Sven Müller

Personal information
- Full name: Sven Müller
- Date of birth: 4 April 1980 (age 45)
- Place of birth: Burgau, West Germany
- Height: 1.91 m (6 ft 3 in)
- Position(s): Defender, midfielder

Youth career
- 1986–1992: TSV Burgau
- 1992–1997: TSG Thannhausen
- 1997–1998: 1860 Munich

Senior career*
- Years: Team / Apps / (Gls)
- 1998–2000: FC Augsburg
- 2000–2004: VfL Wolfsburg / 50 / (3)
- 2004–2006: 1. FC Nürnberg / 66 / (4)
- 2006–2008: 1. FC Kaiserslautern / 62 / (3)
- 2009–2010: Erzgebirge Aue / 39 / (2)
- 2010–2012: FSV Frankfurt / 42 / (3)
- 2011: FSV Frankfurt II / 4 / (0)

International career
- 2000–2001: Germany U-21 / 5 / (0)
- 2003–2004: Germany B / 4 / (0)

= Sven Müller (footballer, born 1980) =

German footballer

Sven Müller (born 4 April 1980) is a German former professional footballer who played as a defender or midfielder.

==Club career==
Müller was born in Burgau, West Germany. As a youth he played for his hometown team TSV Burgau before joining TSG Thannhausen and later the youth of TSV 1860 Munich. From 1998 to 2000 he played for FC Augsburg at amateur level before joining the Bundesliga member VfL Wolfsburg.

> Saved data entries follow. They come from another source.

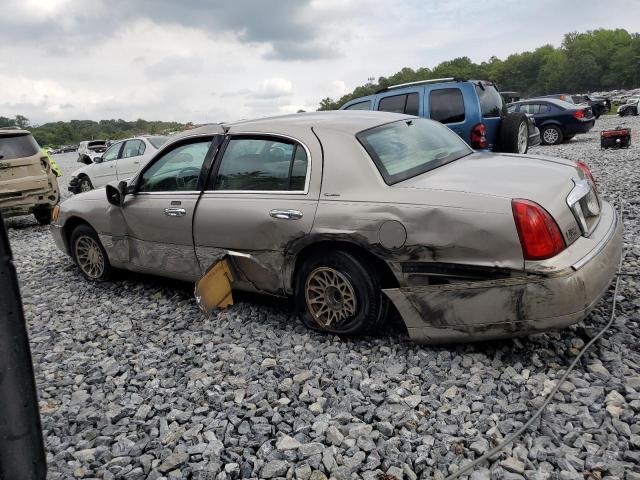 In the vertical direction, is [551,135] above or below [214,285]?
below

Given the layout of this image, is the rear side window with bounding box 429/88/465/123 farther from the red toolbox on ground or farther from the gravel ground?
the red toolbox on ground

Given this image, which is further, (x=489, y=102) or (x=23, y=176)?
(x=23, y=176)

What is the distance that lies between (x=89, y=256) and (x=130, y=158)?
8329 mm

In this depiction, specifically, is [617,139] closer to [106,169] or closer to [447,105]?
[447,105]

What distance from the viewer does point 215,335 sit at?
3.96 m

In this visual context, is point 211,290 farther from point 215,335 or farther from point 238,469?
point 238,469

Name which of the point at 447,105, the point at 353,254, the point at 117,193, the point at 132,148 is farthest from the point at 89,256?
the point at 132,148

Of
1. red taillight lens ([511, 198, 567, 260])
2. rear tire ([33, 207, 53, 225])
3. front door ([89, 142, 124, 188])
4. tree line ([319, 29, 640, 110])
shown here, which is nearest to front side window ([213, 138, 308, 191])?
red taillight lens ([511, 198, 567, 260])

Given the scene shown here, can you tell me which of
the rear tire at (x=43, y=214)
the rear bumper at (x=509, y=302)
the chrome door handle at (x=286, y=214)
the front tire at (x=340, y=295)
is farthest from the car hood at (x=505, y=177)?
the rear tire at (x=43, y=214)

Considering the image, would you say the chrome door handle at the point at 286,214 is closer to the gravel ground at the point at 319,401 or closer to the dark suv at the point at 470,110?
the gravel ground at the point at 319,401

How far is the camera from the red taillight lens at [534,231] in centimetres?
277

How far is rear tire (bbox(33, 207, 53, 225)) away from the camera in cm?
1015

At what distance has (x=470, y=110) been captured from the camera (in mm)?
8570

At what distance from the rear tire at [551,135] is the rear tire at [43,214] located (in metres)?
14.7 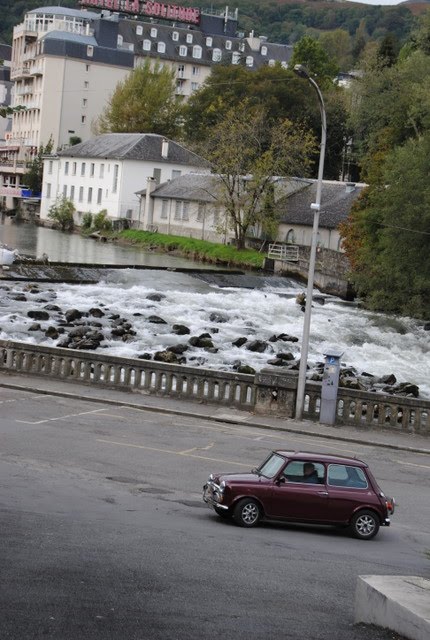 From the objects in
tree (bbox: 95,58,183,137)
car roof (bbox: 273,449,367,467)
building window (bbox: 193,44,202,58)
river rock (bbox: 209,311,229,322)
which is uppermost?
building window (bbox: 193,44,202,58)

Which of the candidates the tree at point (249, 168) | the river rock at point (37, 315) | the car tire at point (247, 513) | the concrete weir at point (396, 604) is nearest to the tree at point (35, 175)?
the tree at point (249, 168)

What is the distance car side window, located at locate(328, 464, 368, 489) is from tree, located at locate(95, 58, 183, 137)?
346ft

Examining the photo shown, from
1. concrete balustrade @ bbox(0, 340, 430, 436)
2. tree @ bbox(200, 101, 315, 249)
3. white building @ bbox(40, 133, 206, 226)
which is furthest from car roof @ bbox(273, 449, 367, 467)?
white building @ bbox(40, 133, 206, 226)

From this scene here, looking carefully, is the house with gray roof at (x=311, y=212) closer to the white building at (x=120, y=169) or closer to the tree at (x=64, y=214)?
the white building at (x=120, y=169)

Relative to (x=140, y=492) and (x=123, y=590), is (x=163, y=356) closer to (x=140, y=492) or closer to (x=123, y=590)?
(x=140, y=492)

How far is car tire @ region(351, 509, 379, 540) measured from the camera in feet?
61.7

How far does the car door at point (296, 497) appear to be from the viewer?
60.8 ft

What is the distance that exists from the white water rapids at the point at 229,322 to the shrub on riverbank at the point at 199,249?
13.5 metres

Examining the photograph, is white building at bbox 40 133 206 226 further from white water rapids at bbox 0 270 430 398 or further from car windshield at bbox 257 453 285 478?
car windshield at bbox 257 453 285 478

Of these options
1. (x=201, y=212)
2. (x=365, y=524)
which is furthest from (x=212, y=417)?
(x=201, y=212)

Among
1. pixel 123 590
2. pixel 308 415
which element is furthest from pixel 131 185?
pixel 123 590

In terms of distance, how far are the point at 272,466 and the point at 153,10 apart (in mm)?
151008

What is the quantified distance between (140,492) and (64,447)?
4.00 m

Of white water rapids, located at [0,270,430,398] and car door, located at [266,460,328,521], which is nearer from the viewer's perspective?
car door, located at [266,460,328,521] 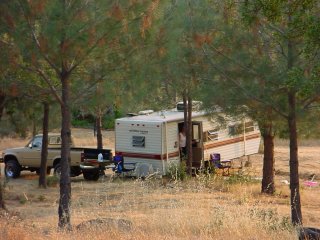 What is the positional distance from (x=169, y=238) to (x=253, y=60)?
5698 millimetres

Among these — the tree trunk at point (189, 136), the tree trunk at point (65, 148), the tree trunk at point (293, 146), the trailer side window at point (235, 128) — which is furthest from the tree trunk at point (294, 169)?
the tree trunk at point (189, 136)

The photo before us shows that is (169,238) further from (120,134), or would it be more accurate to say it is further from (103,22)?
(120,134)

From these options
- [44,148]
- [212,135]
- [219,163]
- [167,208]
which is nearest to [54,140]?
[44,148]

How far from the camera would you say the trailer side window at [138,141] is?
23.1 m

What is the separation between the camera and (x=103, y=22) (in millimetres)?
11070

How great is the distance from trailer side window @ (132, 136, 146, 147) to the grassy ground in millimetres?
1935

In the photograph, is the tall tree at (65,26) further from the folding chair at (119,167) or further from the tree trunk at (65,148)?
the folding chair at (119,167)

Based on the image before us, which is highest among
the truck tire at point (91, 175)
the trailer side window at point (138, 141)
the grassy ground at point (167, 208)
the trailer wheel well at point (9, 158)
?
the trailer side window at point (138, 141)

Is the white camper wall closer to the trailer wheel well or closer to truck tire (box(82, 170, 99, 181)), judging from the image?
truck tire (box(82, 170, 99, 181))

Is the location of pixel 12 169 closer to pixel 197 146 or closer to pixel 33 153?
pixel 33 153

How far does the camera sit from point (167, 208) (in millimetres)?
13539

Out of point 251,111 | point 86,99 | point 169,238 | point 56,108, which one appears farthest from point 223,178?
point 169,238

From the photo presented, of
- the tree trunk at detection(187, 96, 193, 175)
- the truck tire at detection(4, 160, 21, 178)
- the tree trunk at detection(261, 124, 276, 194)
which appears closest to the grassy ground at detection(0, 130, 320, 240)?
the tree trunk at detection(261, 124, 276, 194)

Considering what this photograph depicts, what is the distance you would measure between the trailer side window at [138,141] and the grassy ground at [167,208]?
6.35ft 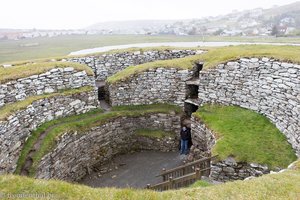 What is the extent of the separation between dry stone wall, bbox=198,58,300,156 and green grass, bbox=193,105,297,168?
370mm

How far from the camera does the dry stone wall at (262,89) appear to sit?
40.1 ft

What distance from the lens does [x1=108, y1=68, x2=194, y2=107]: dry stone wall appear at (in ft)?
56.5

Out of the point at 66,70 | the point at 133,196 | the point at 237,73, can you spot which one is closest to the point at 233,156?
the point at 237,73

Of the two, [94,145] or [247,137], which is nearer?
[247,137]

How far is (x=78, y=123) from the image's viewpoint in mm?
15352

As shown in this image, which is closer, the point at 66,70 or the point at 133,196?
the point at 133,196

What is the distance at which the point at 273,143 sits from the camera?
483 inches

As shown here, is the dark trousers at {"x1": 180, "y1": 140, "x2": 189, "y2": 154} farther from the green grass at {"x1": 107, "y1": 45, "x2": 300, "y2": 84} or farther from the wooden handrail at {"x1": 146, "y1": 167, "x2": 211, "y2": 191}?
the wooden handrail at {"x1": 146, "y1": 167, "x2": 211, "y2": 191}

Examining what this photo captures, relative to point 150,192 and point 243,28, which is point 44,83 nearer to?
A: point 150,192

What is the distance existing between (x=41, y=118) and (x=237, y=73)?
9796 mm

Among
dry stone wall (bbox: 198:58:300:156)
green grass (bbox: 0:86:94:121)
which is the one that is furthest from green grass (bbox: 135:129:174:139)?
green grass (bbox: 0:86:94:121)

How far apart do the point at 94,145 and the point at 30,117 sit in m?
3.70

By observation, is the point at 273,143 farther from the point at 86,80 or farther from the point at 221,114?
the point at 86,80

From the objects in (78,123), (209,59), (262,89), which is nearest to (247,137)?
(262,89) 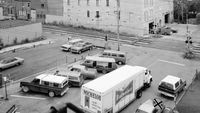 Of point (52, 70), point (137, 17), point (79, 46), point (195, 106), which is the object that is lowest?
point (195, 106)

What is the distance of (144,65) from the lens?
108 feet

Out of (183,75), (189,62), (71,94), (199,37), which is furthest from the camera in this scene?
Result: (199,37)

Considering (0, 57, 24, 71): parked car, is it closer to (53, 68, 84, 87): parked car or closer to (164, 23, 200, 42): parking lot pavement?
(53, 68, 84, 87): parked car

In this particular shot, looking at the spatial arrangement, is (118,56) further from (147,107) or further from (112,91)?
(112,91)

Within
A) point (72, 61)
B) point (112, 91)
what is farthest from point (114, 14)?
point (112, 91)

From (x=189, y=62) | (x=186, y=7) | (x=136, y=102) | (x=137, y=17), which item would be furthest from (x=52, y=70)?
(x=186, y=7)

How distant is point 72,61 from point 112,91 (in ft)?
54.0

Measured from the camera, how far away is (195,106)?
2070 centimetres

In January 2004, he changed clubs and went to 1. FC Nürnberg one league below but returned with them the same year to the highest German football league. The following year he had a place in the first eleven but after his former Wolfsburg manager Wolfgang Wolf left the club he did not play anymore so he followed him to famous 2. Bundesliga club 1. FC Kaiserslautern where he could return to his old strength. He moved to FC Erzgebirge Aue on 20 January 2009.

==International career==
Müller played five times for the Germany U-21 in 2000 and 2001.